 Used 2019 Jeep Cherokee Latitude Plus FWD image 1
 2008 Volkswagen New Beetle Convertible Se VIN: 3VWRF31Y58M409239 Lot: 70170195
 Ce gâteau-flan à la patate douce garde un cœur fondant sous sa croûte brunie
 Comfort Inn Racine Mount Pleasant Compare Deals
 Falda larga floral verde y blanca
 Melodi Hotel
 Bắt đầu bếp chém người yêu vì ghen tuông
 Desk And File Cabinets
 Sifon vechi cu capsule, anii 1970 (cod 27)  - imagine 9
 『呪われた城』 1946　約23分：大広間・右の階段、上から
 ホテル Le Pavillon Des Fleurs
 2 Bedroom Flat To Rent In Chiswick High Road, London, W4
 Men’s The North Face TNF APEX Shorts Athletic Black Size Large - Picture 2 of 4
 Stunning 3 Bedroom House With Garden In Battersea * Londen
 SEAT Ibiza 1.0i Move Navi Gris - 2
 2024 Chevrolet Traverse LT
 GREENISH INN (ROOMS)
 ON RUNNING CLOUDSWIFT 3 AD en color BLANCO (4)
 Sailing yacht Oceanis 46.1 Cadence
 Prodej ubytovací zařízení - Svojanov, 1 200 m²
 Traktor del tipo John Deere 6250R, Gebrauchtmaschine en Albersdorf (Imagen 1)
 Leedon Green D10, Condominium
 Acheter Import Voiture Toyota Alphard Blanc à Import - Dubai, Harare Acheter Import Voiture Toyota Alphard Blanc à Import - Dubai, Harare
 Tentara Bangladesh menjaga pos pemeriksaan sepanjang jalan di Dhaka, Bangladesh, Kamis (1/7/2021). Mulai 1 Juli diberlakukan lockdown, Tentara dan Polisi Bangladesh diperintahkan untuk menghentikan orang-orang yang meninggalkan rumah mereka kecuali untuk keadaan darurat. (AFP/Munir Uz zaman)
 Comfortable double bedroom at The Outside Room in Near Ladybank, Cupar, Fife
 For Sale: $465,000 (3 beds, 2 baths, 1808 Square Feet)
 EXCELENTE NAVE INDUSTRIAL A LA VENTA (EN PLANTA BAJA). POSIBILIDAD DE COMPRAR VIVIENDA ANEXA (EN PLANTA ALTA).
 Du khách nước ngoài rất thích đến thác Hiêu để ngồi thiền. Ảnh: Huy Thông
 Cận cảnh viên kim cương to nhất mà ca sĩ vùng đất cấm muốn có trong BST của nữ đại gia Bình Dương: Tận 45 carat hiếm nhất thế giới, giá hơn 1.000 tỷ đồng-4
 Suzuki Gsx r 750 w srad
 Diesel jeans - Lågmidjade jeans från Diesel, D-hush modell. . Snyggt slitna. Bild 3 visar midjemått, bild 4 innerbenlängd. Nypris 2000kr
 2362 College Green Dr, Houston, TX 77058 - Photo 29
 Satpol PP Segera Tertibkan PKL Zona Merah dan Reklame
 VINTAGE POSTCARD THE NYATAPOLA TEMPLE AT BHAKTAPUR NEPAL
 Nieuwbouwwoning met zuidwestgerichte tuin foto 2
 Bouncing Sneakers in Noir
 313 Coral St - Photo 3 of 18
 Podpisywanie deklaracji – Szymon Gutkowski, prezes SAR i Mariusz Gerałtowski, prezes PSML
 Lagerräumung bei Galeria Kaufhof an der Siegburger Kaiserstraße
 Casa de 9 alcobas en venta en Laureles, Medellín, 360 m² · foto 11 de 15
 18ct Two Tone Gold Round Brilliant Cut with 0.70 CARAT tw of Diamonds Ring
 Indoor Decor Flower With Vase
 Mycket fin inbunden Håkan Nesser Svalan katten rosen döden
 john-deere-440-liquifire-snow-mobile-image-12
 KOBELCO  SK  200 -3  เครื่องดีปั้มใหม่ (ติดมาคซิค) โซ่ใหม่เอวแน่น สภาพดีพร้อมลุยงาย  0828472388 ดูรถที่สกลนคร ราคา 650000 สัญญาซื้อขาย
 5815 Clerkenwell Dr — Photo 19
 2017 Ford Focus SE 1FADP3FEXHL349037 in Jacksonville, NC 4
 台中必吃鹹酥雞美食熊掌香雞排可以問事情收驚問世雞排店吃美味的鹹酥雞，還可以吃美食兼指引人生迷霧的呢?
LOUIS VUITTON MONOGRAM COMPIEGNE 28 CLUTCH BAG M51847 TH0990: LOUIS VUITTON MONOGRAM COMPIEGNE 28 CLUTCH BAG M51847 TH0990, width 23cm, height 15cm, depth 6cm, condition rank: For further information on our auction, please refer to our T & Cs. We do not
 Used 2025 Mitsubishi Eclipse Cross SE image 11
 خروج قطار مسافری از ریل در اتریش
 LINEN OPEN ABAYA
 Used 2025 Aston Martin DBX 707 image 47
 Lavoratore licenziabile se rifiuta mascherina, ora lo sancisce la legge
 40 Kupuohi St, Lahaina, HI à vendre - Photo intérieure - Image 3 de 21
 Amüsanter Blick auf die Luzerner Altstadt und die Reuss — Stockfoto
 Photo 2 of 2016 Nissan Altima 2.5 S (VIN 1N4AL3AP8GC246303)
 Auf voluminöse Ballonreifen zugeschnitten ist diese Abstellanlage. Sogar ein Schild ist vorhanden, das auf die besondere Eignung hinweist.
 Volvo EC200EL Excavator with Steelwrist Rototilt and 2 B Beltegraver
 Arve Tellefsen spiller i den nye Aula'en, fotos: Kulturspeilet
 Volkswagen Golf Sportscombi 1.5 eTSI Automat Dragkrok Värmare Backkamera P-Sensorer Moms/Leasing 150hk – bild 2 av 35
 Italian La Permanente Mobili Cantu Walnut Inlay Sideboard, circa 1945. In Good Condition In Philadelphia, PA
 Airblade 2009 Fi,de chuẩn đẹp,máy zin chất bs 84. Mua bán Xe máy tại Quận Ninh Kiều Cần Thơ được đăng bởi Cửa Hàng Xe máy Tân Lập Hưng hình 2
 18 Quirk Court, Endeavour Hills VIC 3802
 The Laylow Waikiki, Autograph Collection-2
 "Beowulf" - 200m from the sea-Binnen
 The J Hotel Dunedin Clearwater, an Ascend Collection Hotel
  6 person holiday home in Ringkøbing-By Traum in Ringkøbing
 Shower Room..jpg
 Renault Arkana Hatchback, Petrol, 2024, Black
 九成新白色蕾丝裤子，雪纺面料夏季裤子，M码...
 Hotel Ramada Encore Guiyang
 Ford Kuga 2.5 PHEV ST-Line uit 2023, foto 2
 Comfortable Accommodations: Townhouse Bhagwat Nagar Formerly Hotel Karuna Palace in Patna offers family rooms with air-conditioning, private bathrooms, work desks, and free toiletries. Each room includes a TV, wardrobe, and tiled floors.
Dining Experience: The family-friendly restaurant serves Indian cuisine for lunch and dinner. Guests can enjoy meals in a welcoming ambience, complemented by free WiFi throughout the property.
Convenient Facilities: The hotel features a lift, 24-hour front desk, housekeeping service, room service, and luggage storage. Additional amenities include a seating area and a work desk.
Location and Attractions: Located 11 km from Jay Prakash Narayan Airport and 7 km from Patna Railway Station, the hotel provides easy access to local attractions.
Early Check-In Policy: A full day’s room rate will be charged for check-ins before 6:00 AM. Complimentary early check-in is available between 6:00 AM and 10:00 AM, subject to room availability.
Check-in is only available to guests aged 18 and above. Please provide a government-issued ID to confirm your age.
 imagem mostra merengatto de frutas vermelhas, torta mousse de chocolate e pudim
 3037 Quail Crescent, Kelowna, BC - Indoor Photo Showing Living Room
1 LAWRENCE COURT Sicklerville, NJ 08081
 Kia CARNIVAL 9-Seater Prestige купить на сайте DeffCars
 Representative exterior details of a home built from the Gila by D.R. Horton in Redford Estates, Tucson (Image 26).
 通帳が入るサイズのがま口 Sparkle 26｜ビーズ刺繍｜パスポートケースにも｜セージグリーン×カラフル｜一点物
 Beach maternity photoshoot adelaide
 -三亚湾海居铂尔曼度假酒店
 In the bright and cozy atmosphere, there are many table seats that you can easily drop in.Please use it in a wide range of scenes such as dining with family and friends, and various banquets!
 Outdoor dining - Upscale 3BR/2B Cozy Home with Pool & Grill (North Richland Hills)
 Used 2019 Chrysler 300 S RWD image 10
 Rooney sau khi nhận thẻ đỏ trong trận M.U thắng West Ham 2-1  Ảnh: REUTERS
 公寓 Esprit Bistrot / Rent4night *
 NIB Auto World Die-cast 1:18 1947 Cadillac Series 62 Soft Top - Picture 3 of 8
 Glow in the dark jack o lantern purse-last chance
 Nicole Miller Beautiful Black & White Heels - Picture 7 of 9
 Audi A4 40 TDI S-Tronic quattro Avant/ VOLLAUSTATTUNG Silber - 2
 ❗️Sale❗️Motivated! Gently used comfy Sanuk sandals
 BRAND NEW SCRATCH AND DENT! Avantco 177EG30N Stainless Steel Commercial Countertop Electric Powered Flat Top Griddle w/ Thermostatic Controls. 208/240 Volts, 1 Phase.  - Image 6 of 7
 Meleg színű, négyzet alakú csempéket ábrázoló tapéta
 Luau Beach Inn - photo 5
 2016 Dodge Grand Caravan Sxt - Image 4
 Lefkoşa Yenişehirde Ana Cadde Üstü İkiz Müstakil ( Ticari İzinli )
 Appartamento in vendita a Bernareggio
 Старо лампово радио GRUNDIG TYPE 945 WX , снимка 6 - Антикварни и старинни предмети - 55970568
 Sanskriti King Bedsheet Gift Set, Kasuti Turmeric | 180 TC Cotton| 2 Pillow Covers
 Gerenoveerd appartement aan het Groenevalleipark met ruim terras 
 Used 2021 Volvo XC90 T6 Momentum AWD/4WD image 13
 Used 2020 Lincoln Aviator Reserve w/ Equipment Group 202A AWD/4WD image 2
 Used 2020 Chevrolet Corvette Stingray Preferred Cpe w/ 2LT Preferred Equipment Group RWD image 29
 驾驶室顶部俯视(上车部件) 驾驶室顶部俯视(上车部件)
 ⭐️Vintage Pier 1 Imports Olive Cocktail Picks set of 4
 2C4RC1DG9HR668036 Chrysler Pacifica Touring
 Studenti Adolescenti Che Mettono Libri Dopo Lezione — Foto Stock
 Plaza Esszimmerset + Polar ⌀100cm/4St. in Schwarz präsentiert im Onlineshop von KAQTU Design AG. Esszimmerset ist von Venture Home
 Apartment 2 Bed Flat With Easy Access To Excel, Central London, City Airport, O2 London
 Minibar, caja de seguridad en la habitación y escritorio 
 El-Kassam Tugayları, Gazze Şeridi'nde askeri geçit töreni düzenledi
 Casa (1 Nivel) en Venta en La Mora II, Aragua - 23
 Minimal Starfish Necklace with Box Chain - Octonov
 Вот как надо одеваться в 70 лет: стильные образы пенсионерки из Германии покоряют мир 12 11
---*---
#### TASK GOAL
Number of lines containing "Beach" in the material above: give that number alone.

#### PROBLEM SOLUTION
2